Of the dozens of generally crappy jobs I’ve held since my teens, only two have been at union shops. That’s two more union jobs than most people under 35 have had. According to a 2012 poll, just 15 per cent of Canadians strongly agree that gains unions make for their members also improve the lives of non-members. Amid this broader erosion of union legitimacy, it also remains an open question how much inspiration – let alone insurrectionary fervour – members experience inside unions.
Many on the left root the decline of organized labour in the 1980s under Mulroney, Reagan, and Thatcher. It’s a story of the rise of free market ideology and the power of Wall Street. According to this story, moneyed interests with the wrong ideas took hold of the levers of policy, and that’s why today university graduates make 10 bucks an hour bagging arugula and kumquats at Whole Foods.
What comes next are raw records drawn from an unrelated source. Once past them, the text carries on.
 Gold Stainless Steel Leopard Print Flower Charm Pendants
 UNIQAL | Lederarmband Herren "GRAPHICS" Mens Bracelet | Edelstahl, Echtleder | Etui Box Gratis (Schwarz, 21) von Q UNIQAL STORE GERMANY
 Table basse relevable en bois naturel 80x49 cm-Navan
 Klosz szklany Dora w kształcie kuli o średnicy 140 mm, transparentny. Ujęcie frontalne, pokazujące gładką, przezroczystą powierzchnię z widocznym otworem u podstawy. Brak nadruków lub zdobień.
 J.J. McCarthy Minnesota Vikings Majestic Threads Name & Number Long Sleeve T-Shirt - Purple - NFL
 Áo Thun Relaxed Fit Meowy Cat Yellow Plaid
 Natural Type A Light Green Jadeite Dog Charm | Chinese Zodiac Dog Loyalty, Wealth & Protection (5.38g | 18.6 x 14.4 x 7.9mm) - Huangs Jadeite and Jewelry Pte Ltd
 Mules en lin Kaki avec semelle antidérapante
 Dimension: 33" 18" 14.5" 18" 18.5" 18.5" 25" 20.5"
The story has genuine villains, but we should be cautious not to let leaders stand in for a deeper understanding of the transition from the Keynesian welfare state to neoliberal globalization. In reality, it was the economic crises of the 1970s that ended the relative peace between big labour, big government, and big capital that had defined what’s called the postwar compromise.
As the postwar “golden age” went bust in the early ’70s, the combination of runaway inflation, low economic growth, and public debt smashed the social-democratic consensus through which trade unions and social democrats had wed their fortunes to unlimited industrial expansion. Significantly, in tying labour’s fortunes to capitalist growth, the Keynesian compact embraced the full host of capital’s dictates, including Indigenous dispossession and oppression, environmental pillage, and suppression of liberation movements from Palestine to Guatemala.
It wasn’t Brian Mulroney but Pierre Trudeau who clamped down on organized labour with wage controls in 1975, and south of the border it was the Democrat Jimmy Carter who responded to the conundrum of high inflation and low growth by bringing on a dire recession via the “Volcker shock.” President Carter and his Federal Reserve chairman Paul Volcker jacked up federal interest rates to 20 per cent and the unemployment rate to above 10 per cent, ensuring the cost of capitalist crisis was borne by the working class. This was the same year, 1981, that Allan Blakeney’s NDP government in Saskatchewan instituted back-to-work legislation against a public-sector strike.
The hard lesson, here, is that the postwar compromise was dependent on supercharged capitalist expansion. Emboldened by low unemployment and hard-won gains, the power of labour in the ’50s and ’60s contributed to capitalist crisis by squeezing profits with improved conditions, wages, and benefits. At the same time, increased international competition and technological innovation led to a dramatic reduction in the manufacturing base and the precipitous decline of private-sector union strength.
Looking back, in Social Democracy After the Cold War, Ingo Schmidt notes the price of institutional legitimacy for unions was “unlearn[ing] how to mobilize and fight for their interests on the streets and picket lines.”
The ruling class, meanwhile, has learned that full employment greatly empowers labour, and so a policy of full employment – once commonplace across the West – is simply off the table. In the logic of the system, a massive population of surplus humanity, what Marx called the reserve army of labour, is essential. So long as social peace can be maintained, high unemployment forces competition among workers, keeps wages low, and even fuels public bitterness toward unions – a win-win scenario for capital and the state, especially when systemic racism and sexism are leveraged to deepen exploitation of workers.
From social democracy’s embrace of capitalism to communism’s male-centric glorification of industrial labour, there is enough failure on the historical left to go around for everyone. Perhaps it’s time to own it and, with patience and reflection, to build fighting organizations that match the reality of 2013, not 1965. This means finding ways to forge our struggles broadly and from below – in communities, schools, homeplaces, and city streets – not only on the job site. It means that some who’ve traditionally had the loudest voices in the labour movement must prepare to be led by newer voices rising on the margins.